That reminds me of a topic that I've been intermittently circling around for several months: the various differences between policemen and firemen.

For example, it's clear that there tends to be more interracial solidarity among cops, such as Crowley and Lashley, than among firemen, as seen in the Ricci case. It's not a huge difference, but it seems to exist on average.

The irony is that the tendency for cops to be divided from other cops by racial animosity less often firemen are divided by race is directly related to why so many people hate cops and "everybody loves a fireman."

This paradox occurred to me when reading an interview with veteran cop novelist Joseph Wambaugh, whose true crime book Fire Lover I read recently to learn more about firemen v. cops.

Q: Your characters tend to enter their careers full of compassion only to be drained of it as time goes on. This is particularly evident in The New Centurions [Wambaugh's first novel from four decades ago]:

A: Yeah, well, the premature cynicism that overtakes young police officers tends to diminish compassion. The cynicism happens as a result of seeing not only the worst of people, of which they expected to see, but ordinary people at their worst. They develop that minority group mentality where unless they’re with ”blue” people like themselves they’re distrustful and think that no one else understands them. The minority group paranoia really takes over young officers after a couple of years and then they have to work through it. ...

Q: I gather the minority group mentality isn’t race specific but rather inclusive of anyone who isn’t dressed in blue, that is, anyone who is not a police officer. Still, in your stories the locker room banter includes a free range of racial slurs among the officers towards other officers.

A: I think it helps a lot for other colours (within the force) to be obliterated and everyone turn blue. But that doesn’t work as well these days because these are very politically correct times. The interracial banter that once flew around the locker room has been curtailed.
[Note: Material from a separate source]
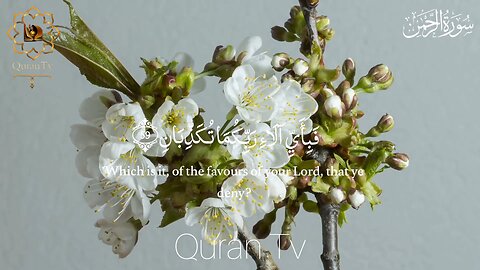 Surah_Rahman___Surah_Rahman_Beautiful_Voice__سورة_الرحمن____Quran_ beautifulvoice English subtitles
Now, at least 20 per cent or more of police officers are women and sexist jokes can get people into trouble. [Laughs.] It’s not so much fun anymore, actually.

Q: So that type of banter was viewed as good-natured and rather than being seen as ostracizing it was in fact unifying.

A: Right. It wipes out gender and it wipes out race. We’re all blue.

Cops develop transracial solidarity amongst themselves by despising everybody who is not a cop.

In contrast, firemen battle something impersonal, fire. And everybody loves a fireman, so it's hard for firemen to loathe civilians. So, they end up squabbling more than cops do amongst themselves along racial lines.